TAKE A FLYING FOCUS


Andrew Ferguson’s recent evisceration of focus groups, another of the fine frauds of our day, is but the opening shot in a war I believe we must wage to the bitter end — a war on the word “focus” itself.

The word has been driving me bonkers and beyond. I see it every morning all over my New York Times, where political candidates inevitably need to ” focus” their campaigns; social programs require “focusing”; and U.S. foreign policy, now that the Cold War is long over, must be — ah, but you will have anticipated me — re-focused. This very morning’s Times carries two fine focus-filled headlines: “Stars Focus Their Power, and the Issue Is Abortion” and “Dying Zapatista Leader Is Focus of Only Accord So Far.”

Searching for relief, I pick up the New Yorker, where I discover even so stalwart a critic as Arlene Croce, apropos of the directors of the Pacific Northwest Ballet, writing: “One of the ways they did not deviate [from Balanchine] was in their focus on female talent.” They’re doing it in London, too, for in the current week’s Times Literary Supplement I read that ” One of the great merits of Tadie’s biography [of Proust] is the way he brings into focus an image of the young Proust as a formidably curious and active person. . . .

Not only in the press is everyone focusing away like mad, but athletes, too, are all asquint, trying to obtain a focus. “The main thing,” says Michael Jordan, more times than I care to recall, “is to stay focused.” I would argue, contra Michael, that nowadays the main thing is to say “focused.”

The other day I sat in a meeting with a group of successful and intelligent businessmen.
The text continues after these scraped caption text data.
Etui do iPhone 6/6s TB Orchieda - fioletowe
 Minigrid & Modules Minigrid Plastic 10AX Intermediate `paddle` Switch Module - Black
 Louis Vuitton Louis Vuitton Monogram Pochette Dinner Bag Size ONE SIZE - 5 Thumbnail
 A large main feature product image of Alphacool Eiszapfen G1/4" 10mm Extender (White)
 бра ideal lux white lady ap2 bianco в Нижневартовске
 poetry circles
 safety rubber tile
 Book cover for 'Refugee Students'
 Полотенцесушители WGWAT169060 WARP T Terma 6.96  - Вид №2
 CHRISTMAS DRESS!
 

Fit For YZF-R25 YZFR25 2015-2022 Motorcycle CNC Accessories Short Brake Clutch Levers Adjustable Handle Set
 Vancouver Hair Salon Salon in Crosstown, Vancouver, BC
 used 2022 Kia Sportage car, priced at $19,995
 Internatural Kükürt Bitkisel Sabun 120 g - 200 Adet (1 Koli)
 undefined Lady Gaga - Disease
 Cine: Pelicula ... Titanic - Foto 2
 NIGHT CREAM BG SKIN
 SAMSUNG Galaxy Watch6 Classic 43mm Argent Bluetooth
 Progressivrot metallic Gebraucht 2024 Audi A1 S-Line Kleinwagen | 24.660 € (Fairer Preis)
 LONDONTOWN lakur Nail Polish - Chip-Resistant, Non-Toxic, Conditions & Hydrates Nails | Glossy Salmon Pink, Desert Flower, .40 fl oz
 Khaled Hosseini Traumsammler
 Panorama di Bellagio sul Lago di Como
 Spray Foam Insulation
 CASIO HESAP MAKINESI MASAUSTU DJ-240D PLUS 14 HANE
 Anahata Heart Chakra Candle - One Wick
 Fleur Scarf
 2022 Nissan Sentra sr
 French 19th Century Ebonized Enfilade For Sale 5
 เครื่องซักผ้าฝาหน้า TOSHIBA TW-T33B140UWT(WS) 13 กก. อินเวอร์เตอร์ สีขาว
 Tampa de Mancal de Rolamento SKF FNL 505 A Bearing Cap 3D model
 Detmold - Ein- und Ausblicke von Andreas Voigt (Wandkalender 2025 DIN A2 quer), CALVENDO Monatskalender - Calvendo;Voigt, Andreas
We were there to discuss the future of an institution, of which we are all trustees. Had I a dime for every time the word “focus” came up, I could have paid to fly first-class to this meeting instead of the usual steerage. These guys who, unlike me, have met plenty of payrolls and are, in Henry James’s phrase, “seamed all over with the scars of the marketplace” appeared to be certain that what our institution needed was to establish its focus, perhaps narrow its focus, or maybe widen its focus, but, once focused, to keep its focus, yeah brother, amen. I looked down at the notes I took during the meeting, which read: focus-off, go focus yourself, and take a flying focus.

What is it about the propensity of certain inelegant words to catch on and spread like an upwind California forest fire? The word “impact” had a run of this kind ten or so years ago. Such good old words as “influence” and “effect” were given early retirement, and suddenly everything had an “impact” upon everything else. Then the damn word was converted to a participle, and all things began “impacting” upon every other thing. Then it appeared as a noun, so that things had “impacts” all over the joint. Thus far focus hasn’t yet been turned into “focusization,” though give it time. Academics have taken to using the hideous plural, “foci,” as in “The foci of this paper are three.” Foci, for anyone who reads with his ear as well as with his eye, as Robert Frost claimed the best readers do, has all the intrinsic beauty of the word ” pinkeye.”

Certain words don’t just catch on for no reason. They catch on because people feel good saying them. People like to say they are “intrigued” all the time because it makes them sound intriguing. For a time they liked to say ” special person,” I suppose because it made them seem rather special themselves in being able to discern specialhess in others. (Today, of course, one cannot buy a non-satirical greeting card without the word “special” in it; and “special” itself has become a Hallmark word.)

People must also like to say “at this point in time” — which was first brought to us by John Dean and the Watergate crew — because it so felicitously conveys a false precision. People are very hot for the word ” process,” from peace process on down, and my guess is they feel it makes them subtle thinkers, able to capture the flow and delicate dynamics of political and social change. What, really, could be more intriguing than focusing on the impact of so special a process as watching a language fall apart, at least at this point in time? Few freakin’ things.

So let’s return the word “focus” to ophthalmology and optics, whence it derives. If you are a heavy user of the word yourself and don’t know what you would do without it, may I recommend replacing focus with such solid older words as “concentrate” and “emphasize”? I think you’ll find they work well — swell, even. Just relax, stop focusing, kick back, and blur out.